Perhaps the closest and certainly most talked about is B.C., which maintained revenue neutrality for the first five years of its carbon tax. However, beginning in 2013-14, B.C.'s carbon tax began generating revenues in excess of the legitimate tax offsets. Indeed, the government's own projections indicate that the carbon tax will generate almost $900 million in net revenues over a six-year period.
           Finally, many jurisdictions including Ontario specifically use carbon-pricing revenues to subsidize alternative energy sources such as wind and solar. Subsidizing carbon-intense energy substitutes such as wind and solar short-circuits the market process envisioned by carbon pricing advocates by having governments choose the "right" solution.

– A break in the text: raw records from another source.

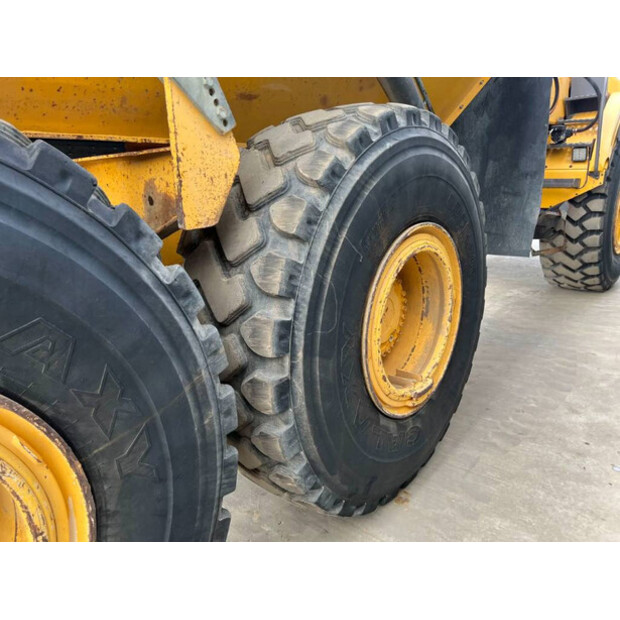 2011 Volvo A25F-39814575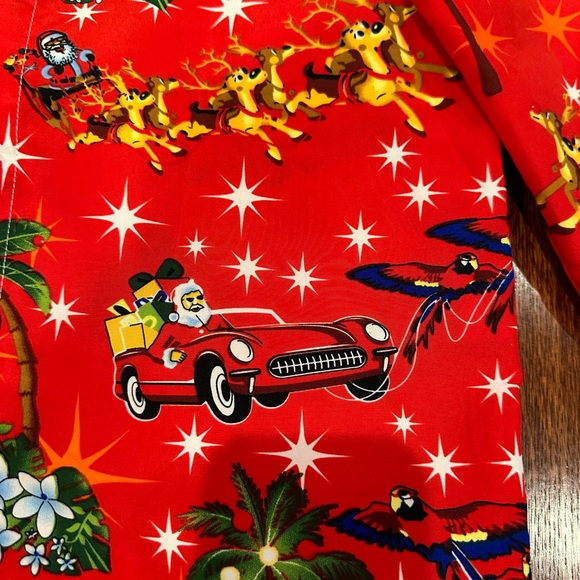 Boys long sleeve Christmas red button down shirt size medium - Picture 3 of 3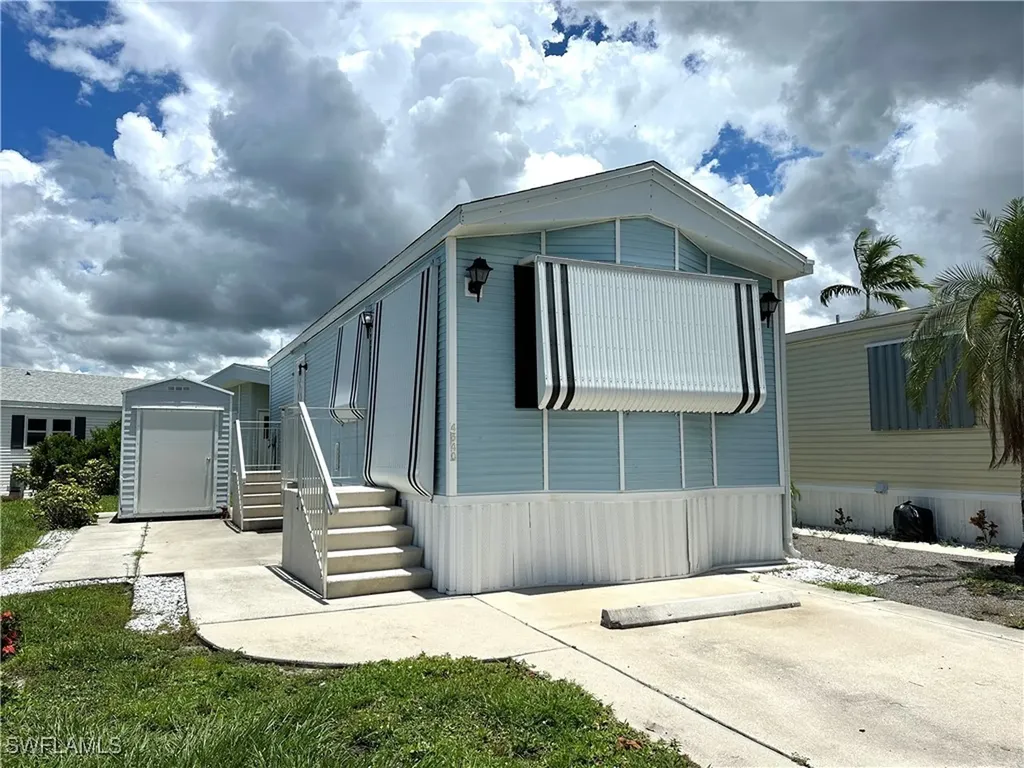 4540 Split Log Lane E Estero FL 33928
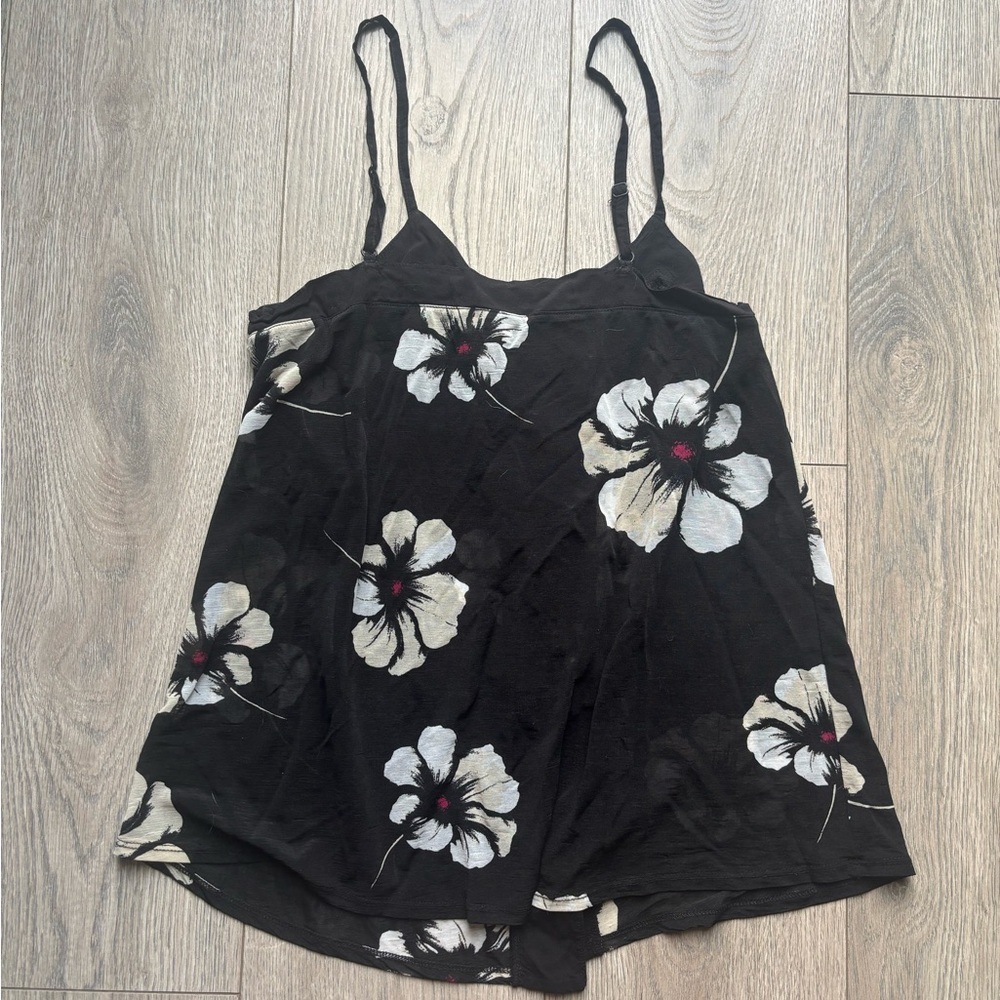 Dynamite Black and White Floral Camisole - Picture 3 of 3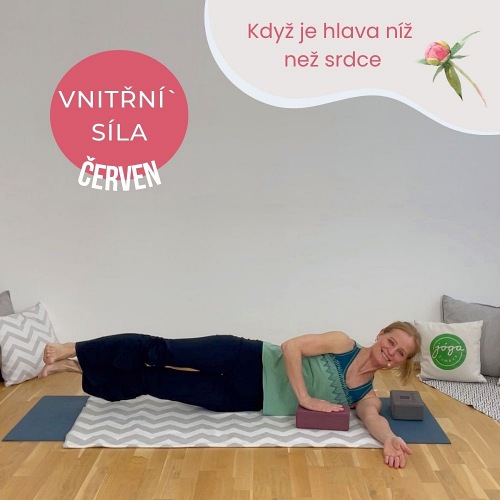 Žena v pozici vleže na boku, zvedá dolní končetina a hlavu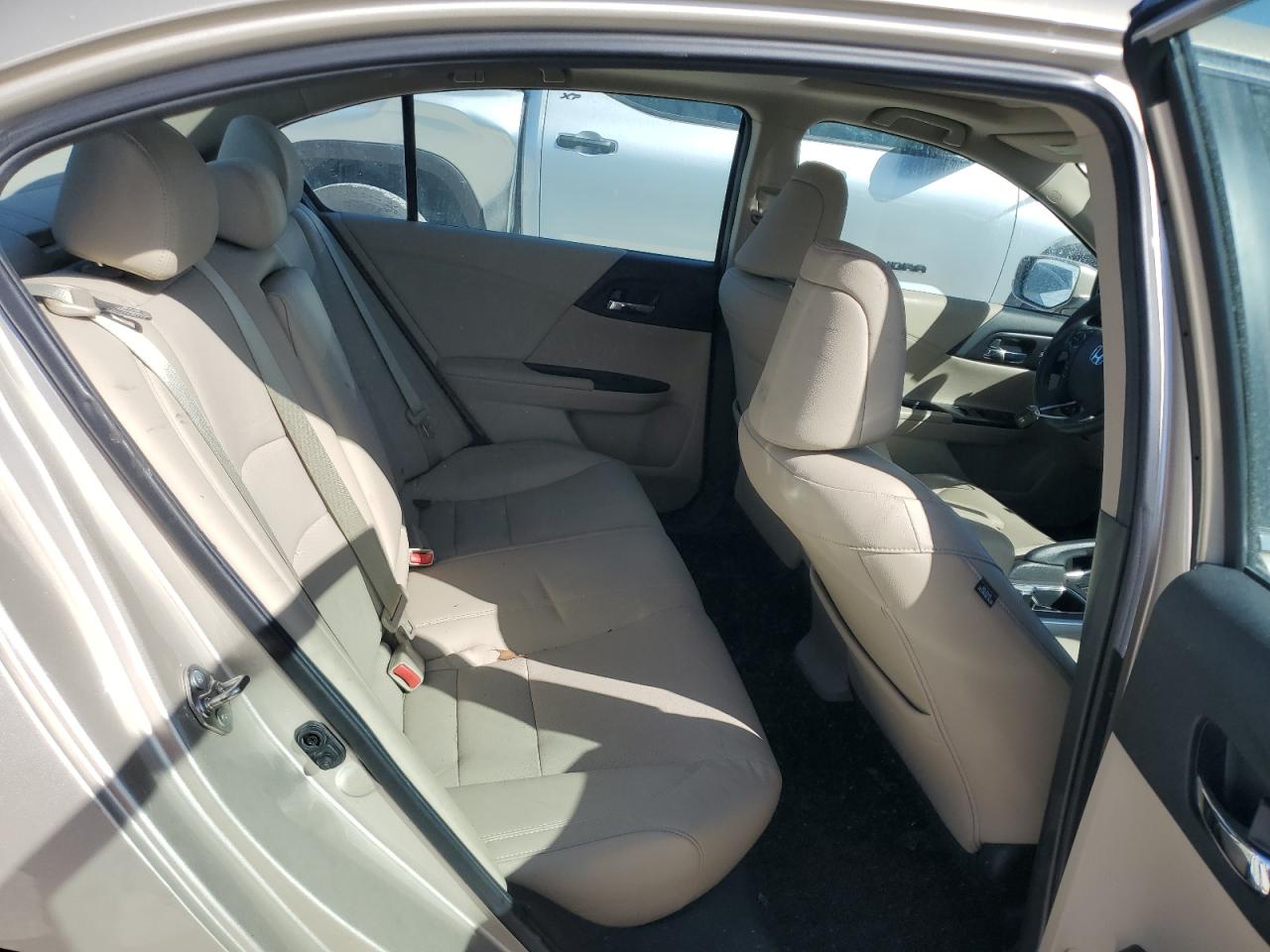 2015 Honda Accord - Image 10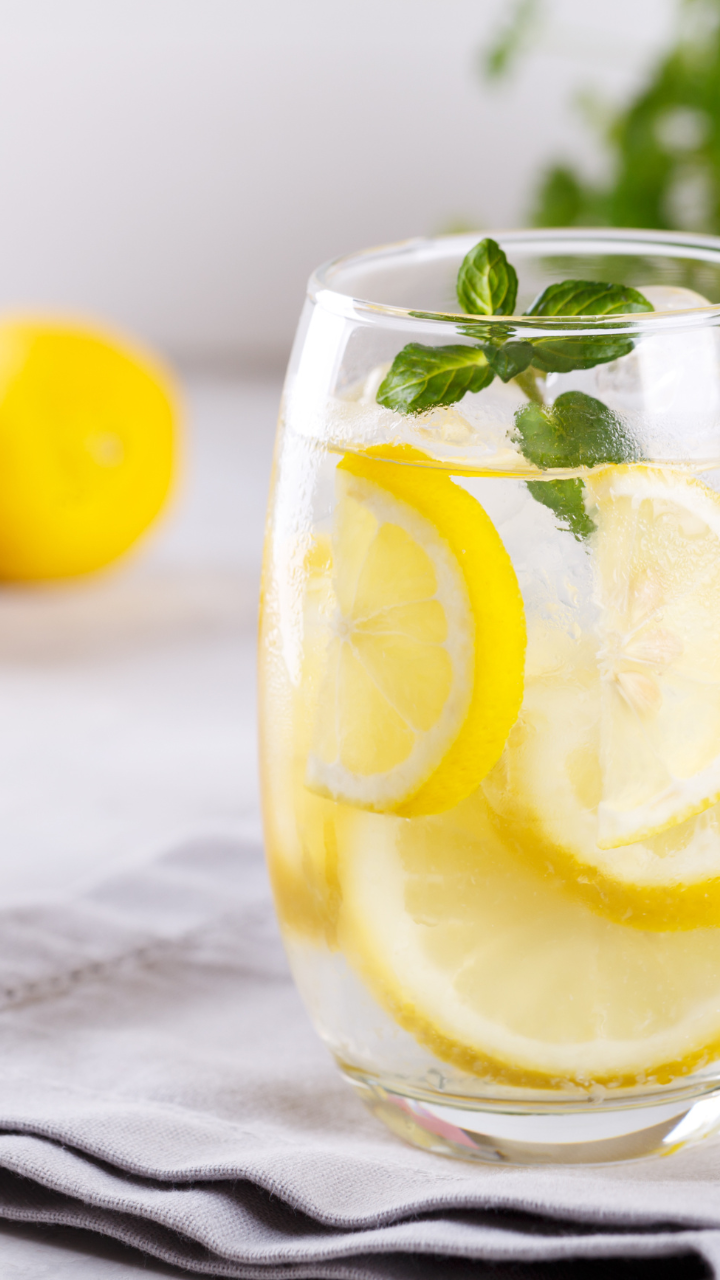 8 benefits of drinking lemon water in the morning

            Further complicating the economics of carbon pricing are considerations regarding competitiveness and potential leakage. Specifically, adding a carbon tax means that the costs for firms in carbon-intensive industries such as agriculture, manufacturing, and resources are higher relative to their incentives for firms to switch production from jurisdictions with carbon taxes to those without, which would damage the Canadian economy without providing any environmental benefit. This is made all the more poignant now that it's clear the United States will not introduce a national carbon tax.
           Our own federal government has mandated carbon pricing for all provinces by 2018. It's imperative, therefore, that we understand the realities of carbon pricing as opposed to their theoretical possibilities. The politically altered carbon pricing observed in and outside of Canada including B.C.'s carbon tax will inevitably deliver lower benefits than the theoretical models predict or advocates suggest - and do real harm to the Canadian economy.